----- Working data

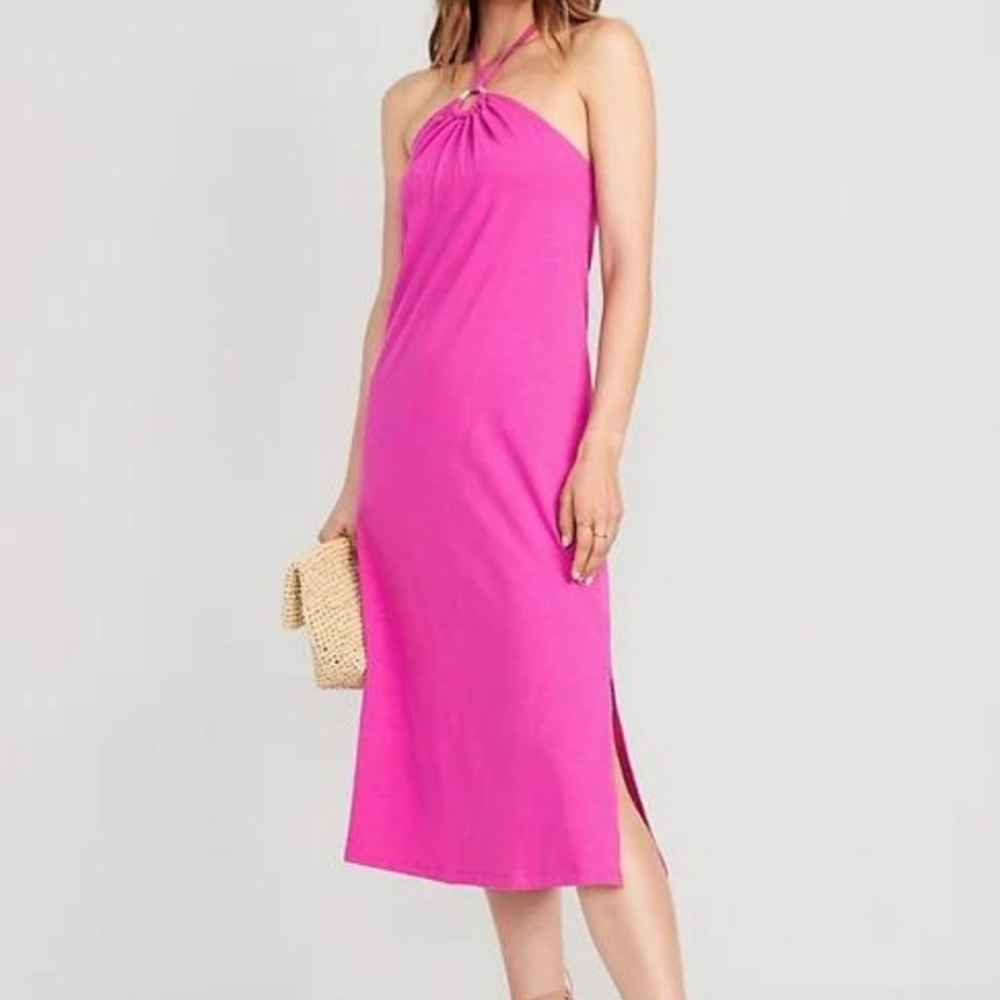 Comfy Pink Halter Dress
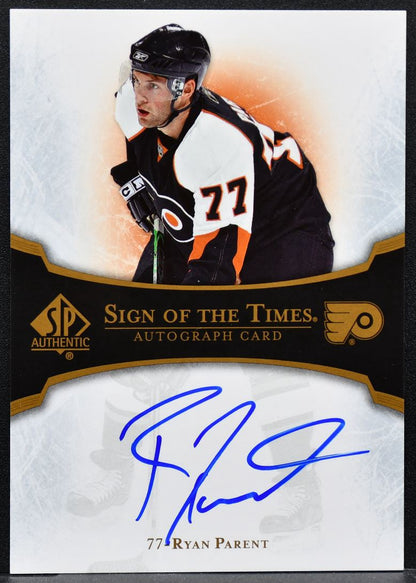 2007-08 SP Authentic Sign of the Times Ryan Parent ST-RP Auto 9873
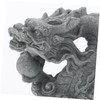 VILLFUL Resin Dragon Statue Home Office Dragon Decor Dragon Toy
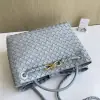  Bottega Veneta Medium Andiamo Tote Bag Top handle bag Sterling #3644 - Image 13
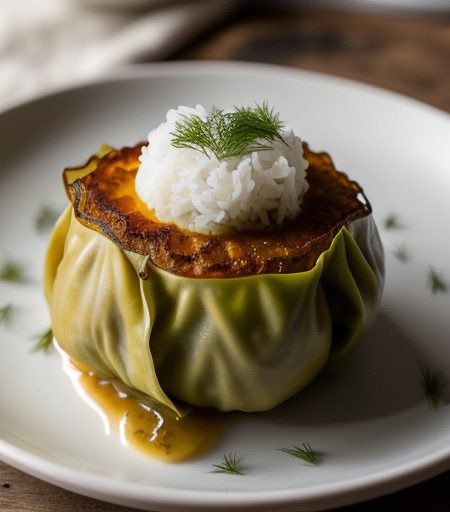 Potato Stuffed Cabbage (Vegan recipe image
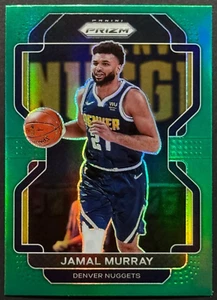 2021-22 Panini Prizm Jamal Murray #102 Green Prizm Parallel - Picture 1 of 2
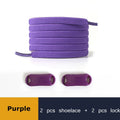 Elastic Shoe Laces Buckle Lock No Tie Shoelaces Sneakers Flat Woven Shoelace without Ties Kids Adult Rubber Bands for Shoes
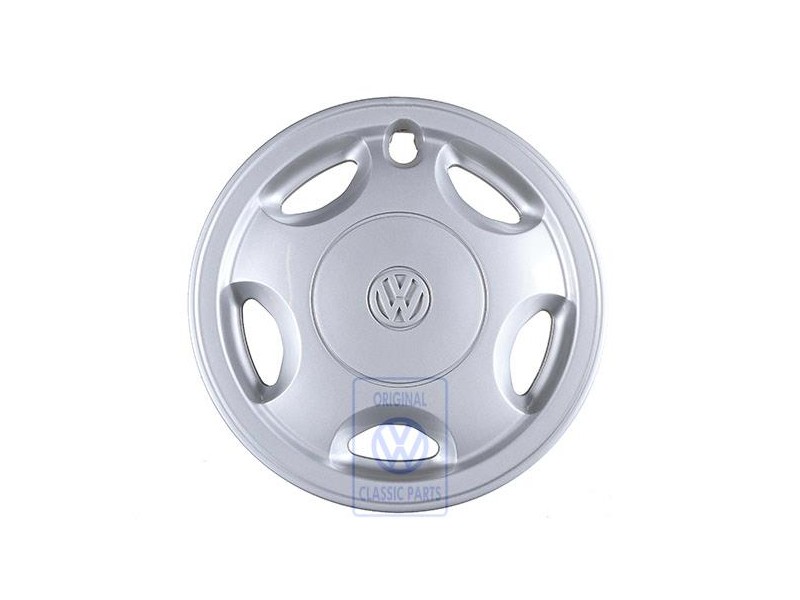 Original VW Wheel Trim Rings Chrome Colored - 867601147D 091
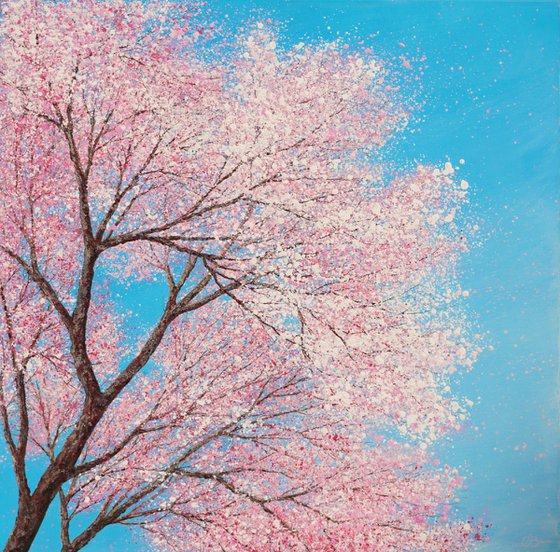 CHERRY BLOSSOM DANCES IN THE BLUE SKY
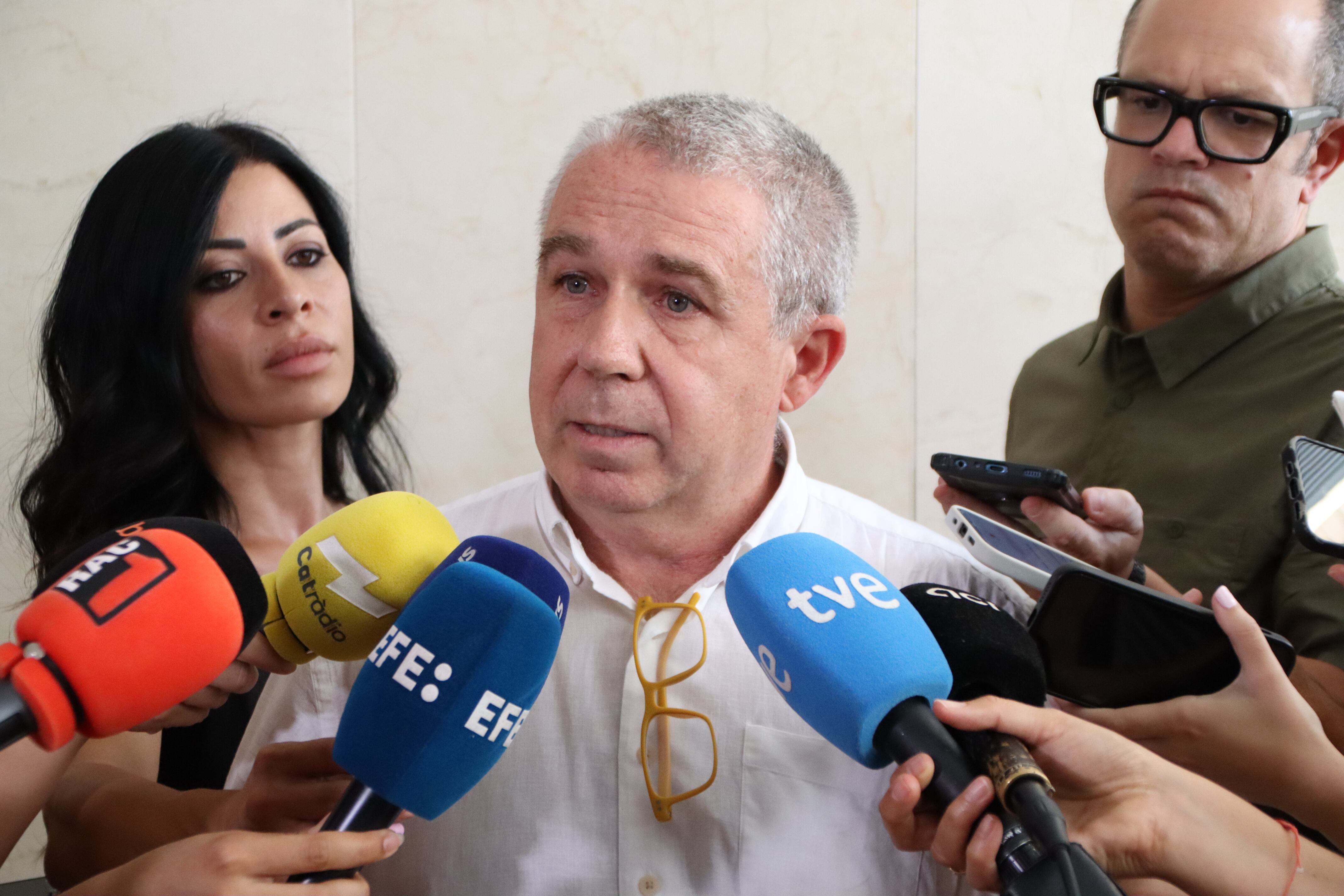 El director del servicio de Limpieza y Recogida de Residuos del Ayuntamiento de Barcelona, Carlos Vázquez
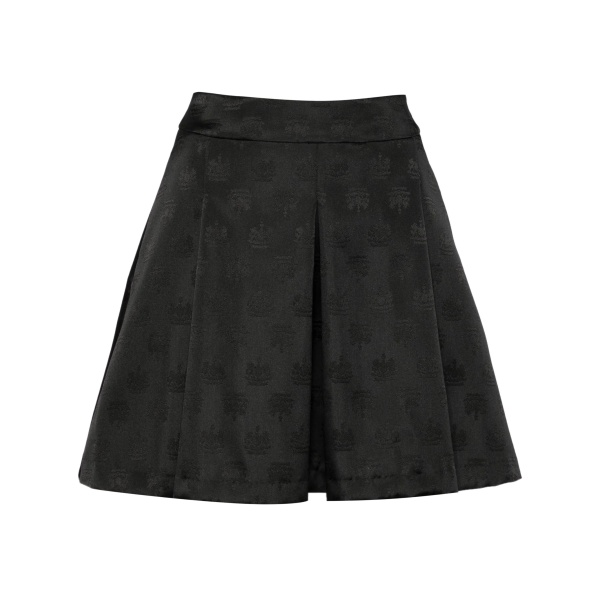 Macgraw Enrolment Skirt in Black Crest Jacquard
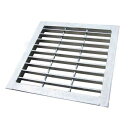 法山本店 HGM-36-19 グレーチング つば付き正方形 (溜ます用みぞぶた) 【適用ためます幅ためます幅360MM 歩道用耐荷重】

----------

■ **Exercise directions**
Output only these lines, word for word: the line containing "2021-22 Panini Prizm" and every line after it through the last line of the data. Omit the pictures.

■ **Output below**
 2021-22 Panini Prizm Jamal Murray #102 Green Prizm Parallel - Picture 1 of 2
 Elastic Shoe Laces Buckle Lock No Tie Shoelaces Sneakers Flat Woven Shoelace without Ties Kids Adult Rubber Bands for Shoes
 Original VW Wheel Trim Rings Chrome Colored - 867601147D 091
 CHERRY BLOSSOM DANCES IN THE BLUE SKY
 El director del servicio de Limpieza y Recogida de Residuos del Ayuntamiento de Barcelona, Carlos Vázquez
 Macgraw Enrolment Skirt in Black Crest Jacquard
 法山本店 HGM-36-19 グレーチング つば付き正方形 (溜ます用みぞぶた) 【適用ためます幅ためます幅360MM 歩道用耐荷重】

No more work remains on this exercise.